Historic Property Survey

In 1997 an intensive historic property survey was completed for approximately 120 acres of land in the southeast portion of Arvada, recording a total of 311 resources. The survey resulted in the establishment of three National Register Historic Districts: Arvada Downtown Historic District, Reno Park Addition Historic District and the Stocke-Walter Addition Historic District. An update to the 1997 survey was conducted in 2013 in order to evaluate renovations, additions, new construction, demolitions, and modifications that may have affected the historic integrity of the resources. All intensive survey forms can be accessed from the Historic Property Survey Map: Historic Property Survey Application

Arvada Downtown Historic District (Olde Town)
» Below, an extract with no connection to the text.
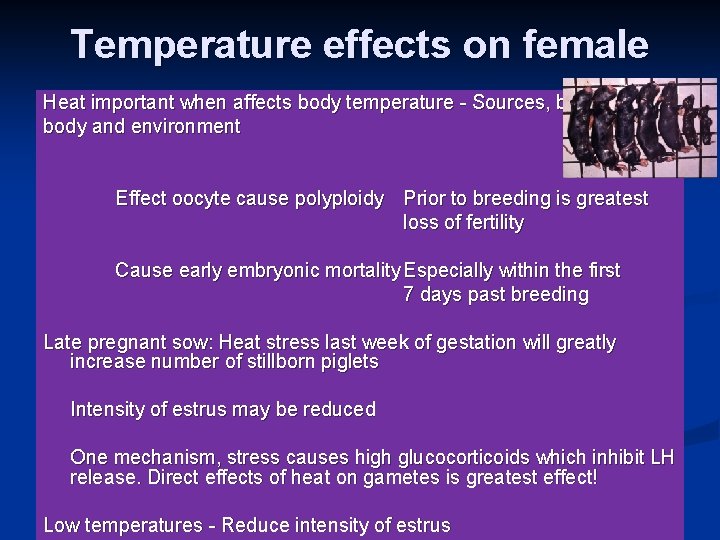 Temperature effects on female Heat important when affects body temperature - Sources, both body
Otherwise known as "Olde Town," this historic district serves as the link to the city's heritage, culture, past, and future. Olde Town contains a wide range of building types and uses ranging from single-family residences to retail, office, and mixed-use buildings. Historic resources and individual landmarks are intended to be preserved, restored, and new development should be designed to be sensitive to the historic district and built to be integrated into the urban fabric with pedestrian oriented design.  In addition to its historic character, Olde Town is known for its abundance of locally owned shops, restaurants, and bars and its convenient access to downtown Denver and Denver International Airport via the RTD G-Line. Any modification, addition, restoration, or redevelopment in the historic district or zoned Olde Town (OT) must first obtain a Certificate of Compliance with the Olde Town Design Guidelines prior to construction. 

Arvada Downtown Boundary

















Reno Park Addition Historic District

The Reno Park Addition Historic District encompasses a specified area that is generally defined as the alley between Yukon and Yarrow St. to the east, the alley between Allison and Zephyr St. to the west, Ralston Road. to the north, and Ridge Rd. to the south. Buildings within Reno Park are single-family homes with some being used as offices and other light-commercial uses. Most of the buildings in Reno Park were built in the 1800s and resemble key features from this era. Modifications, additions, restorations, or redevelopment in Reno Park MAY require a Certificate of Compliance with the Reno Park Addition Design Guidelines prior to construction. 

Reno Park District











Stocke-Walter Addition Historic District

Located immediately to the east of the Arvada Downtown Historic District, the Stocke-Walter Addition Historic District is another single-family neighborhood containing important historic resources. The Stocke Addition was formally platted in 1904, and the Walter subdivision in 1920. Development of the neighborhood was aided by its proximity to the interurban electric railway which ran just to the west. The neighborhood is distinguished by the varied size of its lots, with several substantial tracts reflecting Arvada’s agricultural heritage. Most residences are wood framed. Cottages and Bungalows are common, with several of the large late 19th century homes along Grandview Avenue reflecting Queen Anne detailing. In 2009, a Final Development Plan was approved for the district requiring specific dimensional and design criteria for existing and new development.